▶ **Assignment**
The part below that opens with the line containing "thumbnail image 4" and closes with the line containing "Picture of Bumper Grille" should be copied exactly, minus any pictures.

▶ **The data**

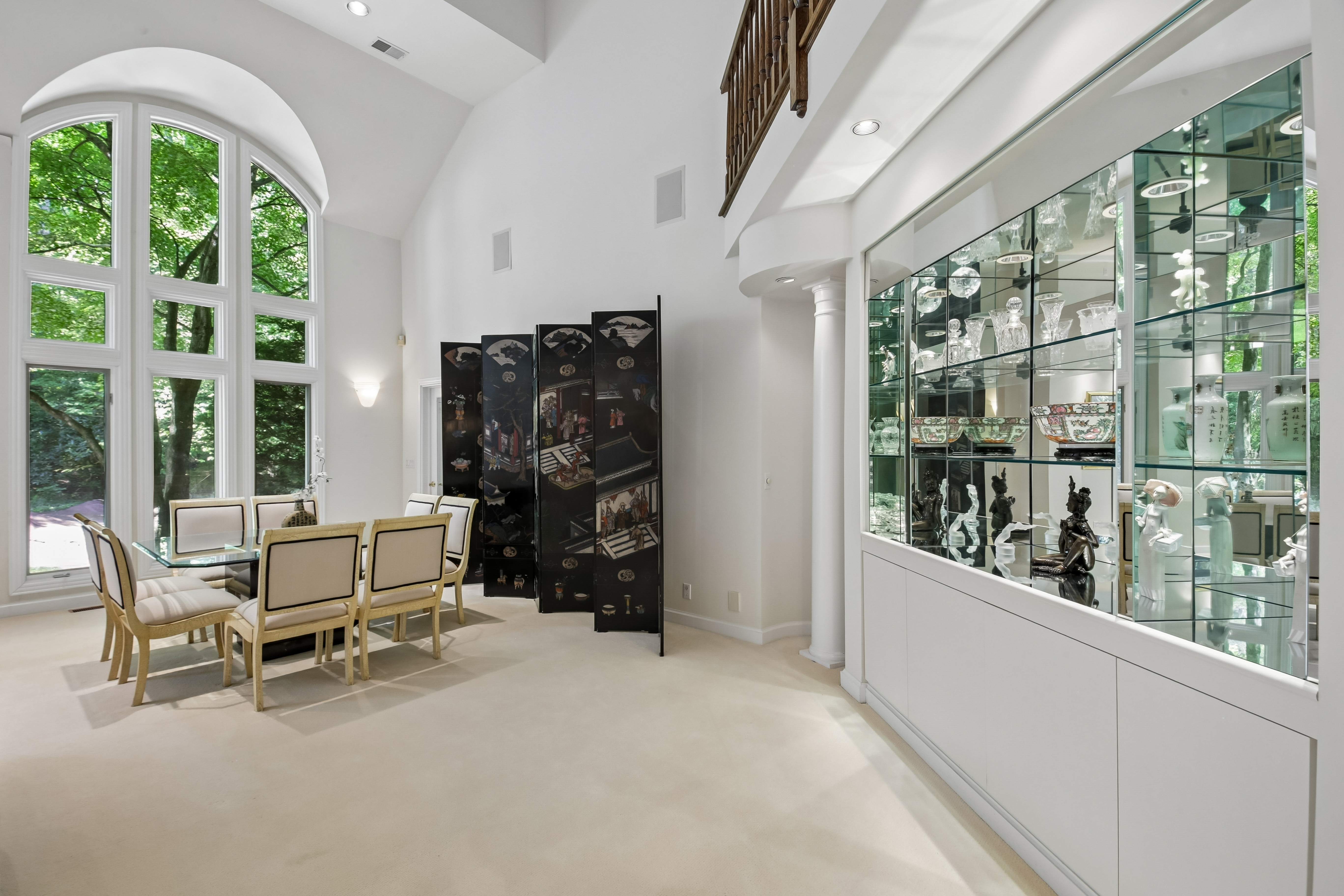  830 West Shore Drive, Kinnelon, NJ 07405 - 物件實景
---
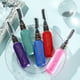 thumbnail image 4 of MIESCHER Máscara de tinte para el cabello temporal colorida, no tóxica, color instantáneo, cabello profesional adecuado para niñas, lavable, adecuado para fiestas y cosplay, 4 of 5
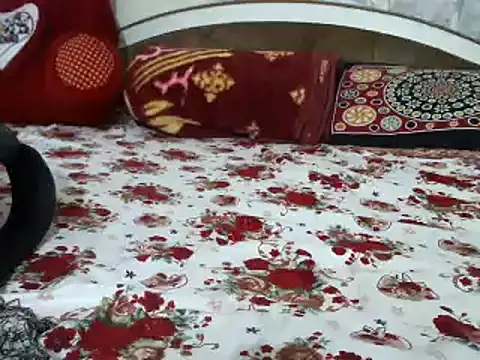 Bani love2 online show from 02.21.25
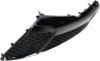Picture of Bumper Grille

▶ **Answer to this problem**
 thumbnail image 4 of MIESCHER Máscara de tinte para el cabello temporal colorida, no tóxica, color instantáneo, cabello profesional adecuado para niñas, lavable, adecuado para fiestas y cosplay, 4 of 5
 Bani love2 online show from 02.21.25
Picture of Bumper Grille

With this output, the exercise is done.